Speaking during the virtual hearing of the House committee on economic affairs yesterday, acting Socioeconomic Planning Secretary Karl Chua said funding this stimulus measure would need additional sources of revenue which the government does not have right now.

Funding the measure will also breach the spending limit of the national government.

“If we are going though the route of a supplemental budget or stand-by appropriation, it is our view that these can only be provided by new revenue sources or additional revenue source. And we think that is not likely,” said Chua when asked by bill’s principal author, Marikina 2nd district Rep. Stella Quimbo about any reservations by the executive branch on the bill.

“We have actually used that provision to fund Bayanihan 1 and we have some more additional revenue left for Bayanihan 2. But we also have to rely on the use of savings in the current budget and to reallocate priorities so we are within that ceiling that Congress has passed which is P4.1 trillion. As we prepare the budget for next year, then maybe then we can consider a higher ceiling,” Chua added.

He noted that the government has so far been able to fund various measures to support the economy amid the pandemic through the use of revenue sources, savings and borrowings.

Even with borrowings, Chua noted that this must be done prudently to preserve the country’s good credit standing with international lenders.

“It is our opinion in the executive, the economic team, that we are able to fund actually a lot of the stimulus programs but we need to do this in a fiscally sustainable manner. We cannot sprint right now if we don’t know how long the virus will last. It could take years and we would have to make ourselves as adaptive as possible,” Chua said.

 “Internally, we have set the prudence level to where the mid-point of our comparator countries are because if this virus will last years, we will need our good credit rating to access cheap financing to support the economy.”

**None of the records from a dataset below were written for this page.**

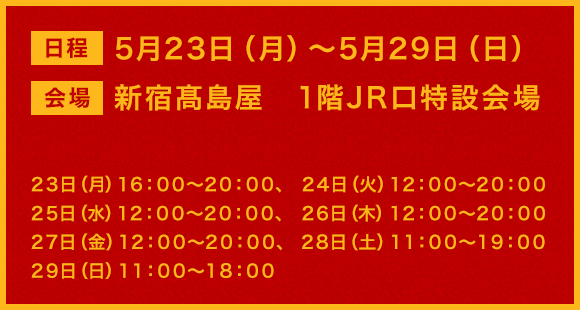 日程:5月23日（月）～5月29日（日） 会場：新宿髙島屋　1階JR口特設会場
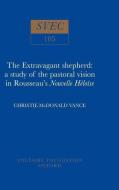 Extravagant Shepherd: A Study of the Pastoral Vision in Rousseau's Nouvelle Héloïse di Christie McDonald Vance edito da OXFORD UNIV PR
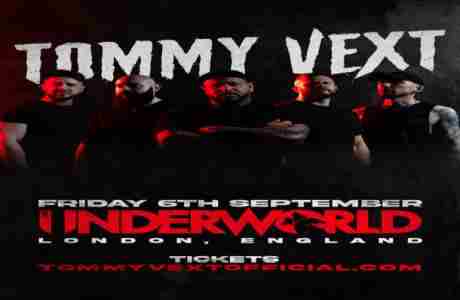 TOMMY VEXT at The Underworld - London in London on 6 Sep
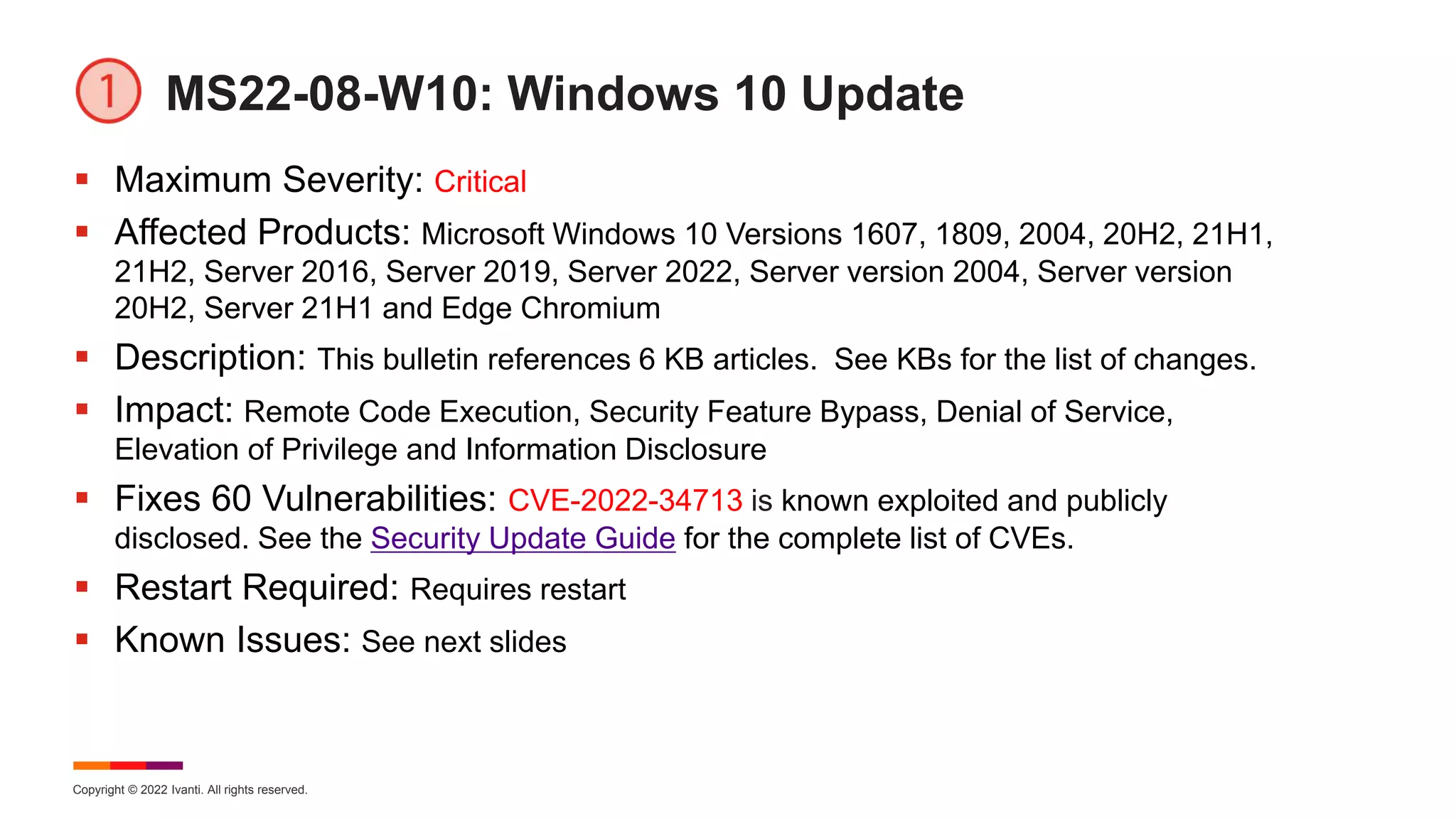 Copyright © 2022 Ivanti. All rights reserved.
MS22-08-W10: Windows 10 Update
 Maximum Severity: Critical
 Affected Products: Microsoft Windows 10 Versions 1607, 1809, 2004, 20H2, 21H1,
21H2, Server 2016, Server 2019, Server 2022, Server version 2004, Server version
20H2, Server 21H1 and Edge Chromium
 Description: This bulletin references 6 KB articles. See KBs for the list of changes.
 Impact: Remote Code Execution, Security Feature Bypass, Denial of Service,
Elevation of Privilege and Information Disclosure
 Fixes 60 Vulnerabilities: CVE-2022-34713 is known exploited and publicly
disclosed. See the Security Update Guide for the complete list of CVEs.
 Restart Required: Requires restart
 Known Issues: See next slides
 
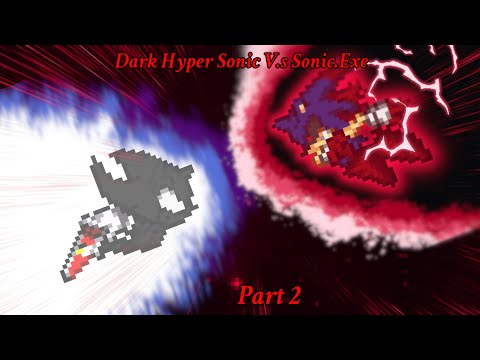 Dark Hyper Sonic vs Sonic.EXE: Battle Beyond Reality (Sonic.exe vs dark sonic part 2) Animation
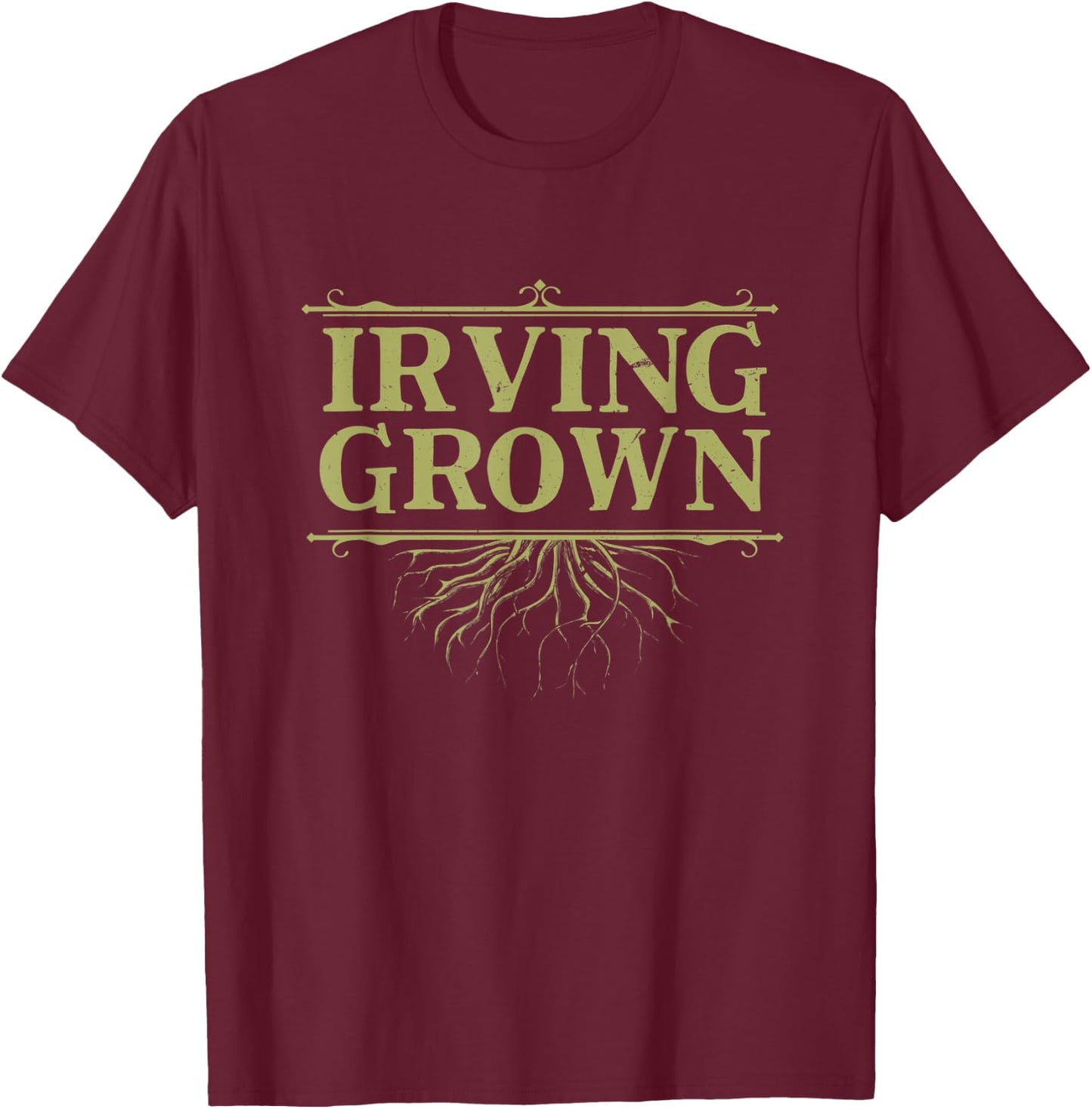 Irving Grown Texas Hometown TX Home State Reunion Family T-Shirt - T-Shirt | Maroon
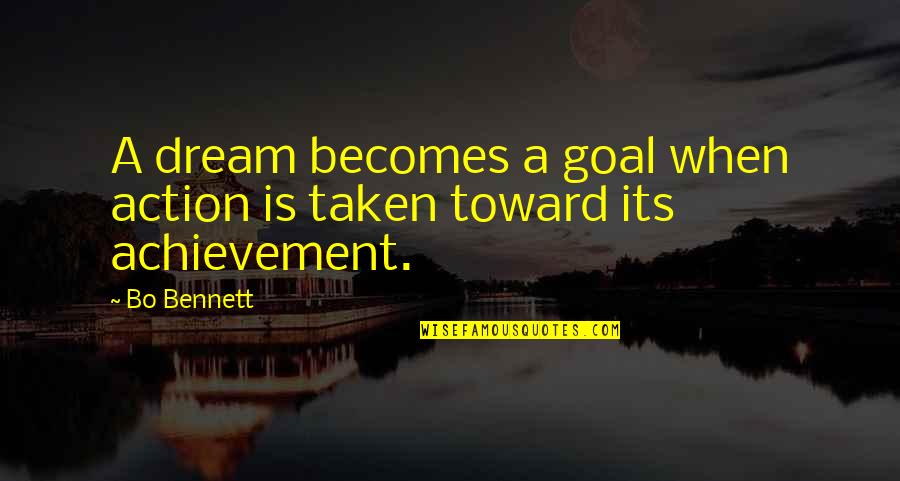 Freiwald Art Quotes By Bo Bennett: A dream becomes a goal when action is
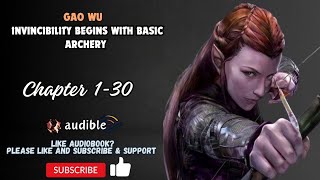 Gao Wu: Invincibility begins with basic archery Chapter 1-30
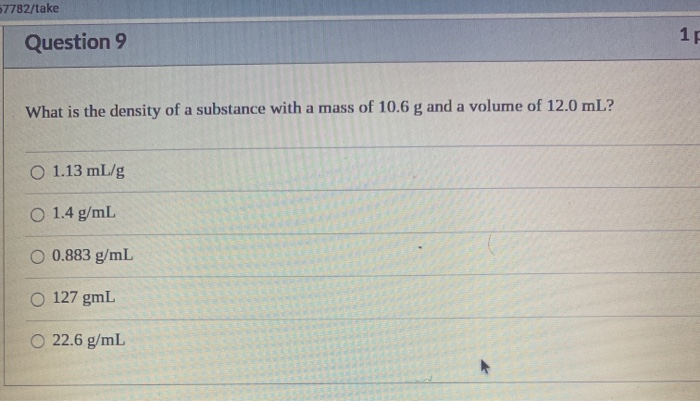 Solved 7782/take 17 1 Question 9 What is the density of a | Chegg.com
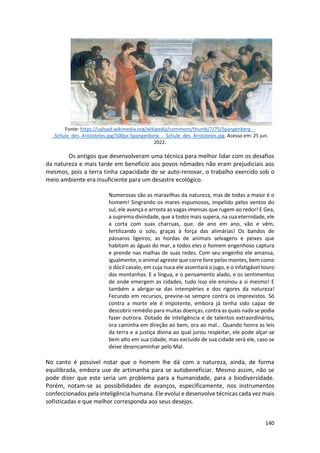 140
Fonte: https://upload.wikimedia.org/wikipedia/commons/thumb/7/75/Spangenberg_-
_Schule_des_Aristoteles.jpg/500px-Spangenberg_-_Schule_des_Aristoteles.jpg. Acesso em: 25 jun.
2022.
Os antigos que desenvolveram uma técnica para melhor lidar com os desafios
da natureza e mais tarde em beneficio aos povos nômades não eram prejudiciais aos
mesmos, pois a terra tinha capacidade de se auto-renovar, o trabalho exercido sob o
meio ambiente era insuficiente para um desastre ecológico.
Numerosas são as maravilhas da natureza, mas de todas a maior é o
homem! Singrando os mares espumosos, impelido pelos ventos do
sul, ele avança e arrosta as vagas imensas que rugem ao redor! E Gea,
a suprema divindade, que a todos mais supera, na sua eternidade, ele
a corta com suas charruas, que, de ano em ano, vão e vêm,
fertilizando o solo, graças à força das alimárias! Os bandos de
pássaros ligeiros; as hordas de animais selvagens e peixes que
habitam as águas do mar, a todos eles o homem engenhoso captura
e prende nas malhas de suas redes. Com seu engenho ele amansa,
igualmente, o animal agreste que corre livre pelos montes, bem como
o dócil cavalo, em cuja nuca ele assentará o jugo, e o infatigável touro
das montanhas. E a língua, e o pensamento alado, e os sentimentos
de onde emergem as cidades, tudo isso ele ensinou a si mesmo! E
também a abrigar-se das intempéries e dos rigores da natureza!
Fecundo em recursos, previne-se sempre contra os imprevistos. Só
contra a morte ele é impotente, embora já tenha sido capaz de
descobrir remédio para muitas doenças, contra as quais nada se podia
fazer outrora. Dotado de inteligência e de talentos extraordinários,
ora caminha em direção ao bem, ora ao mal... Quando honra as leis
da terra e a justiça divina ao qual jurou respeitar, ele pode alçar-se
bem alto em sua cidade, mas excluído de sua cidade será ele, caso se
deixe desencaminhar pelo Mal.
No canto é possível notar que o homem lhe dá com a natureza, ainda, de forma
equilibrada, embora use de artimanha para se autobeneficiar. Mesmo assim, não se
pode dizer que este seria um problema para a humanidade, para a biodiversidade.
Porém, notam-se as possibilidades de avanços, especificamente, nos instrumentos
confeccionados pela inteligência humana. Ele evolui e desenvolve técnicas cada vez mais
sofisticadas e que melhor corresponda aos seus desejos.
 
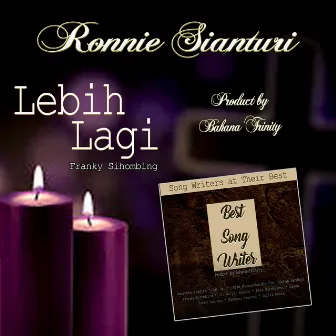 Lebih Lagi by Ronnie Sianturi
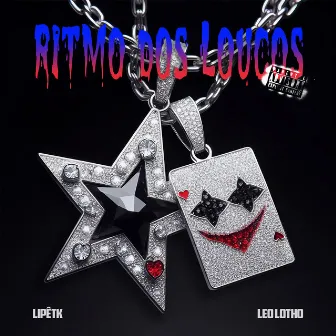 Ritmo dos Loucos by Lipêtk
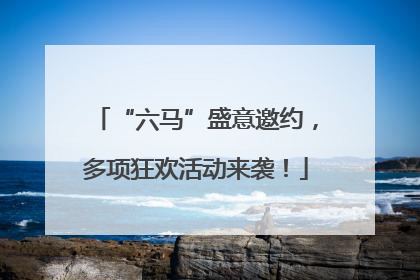 “六马”盛意邀约，多项狂欢活动来袭！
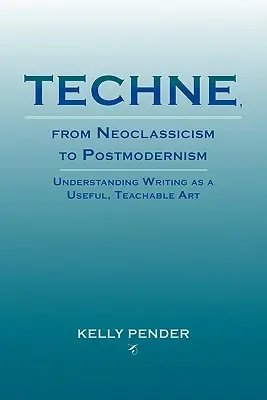Techne, de la neoclasicism la postmodernism: Înțelegerea scrisului ca o artă utilă, care poate fi învățată - Techne, from Neoclassicism to Postmodernism: Understanding Writing as a Useful, Teachable Art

Arguing for the bill, Quimbo said there has to be a more direct intervention by the government to jumpstart the economy partly because of the expected “liquidity trap” that can occur between financial institutions and businesses in which lenders will be reluctant to lend and borrowers will also be wary of taking out loans.

This, in turn, can prevent businesses from restarting their operations and hiring more workers, aggravating the unemployment situation in the country.

Congress, she said, is willing to work with the executive branch of the government to pass the stimulus bill.

“ARISE is still not yet cast in stone because it will still have to go to the Senate for deliberation and the bicam. We will be happy to work with the executive in coming up with a common ground,” Quimbo said.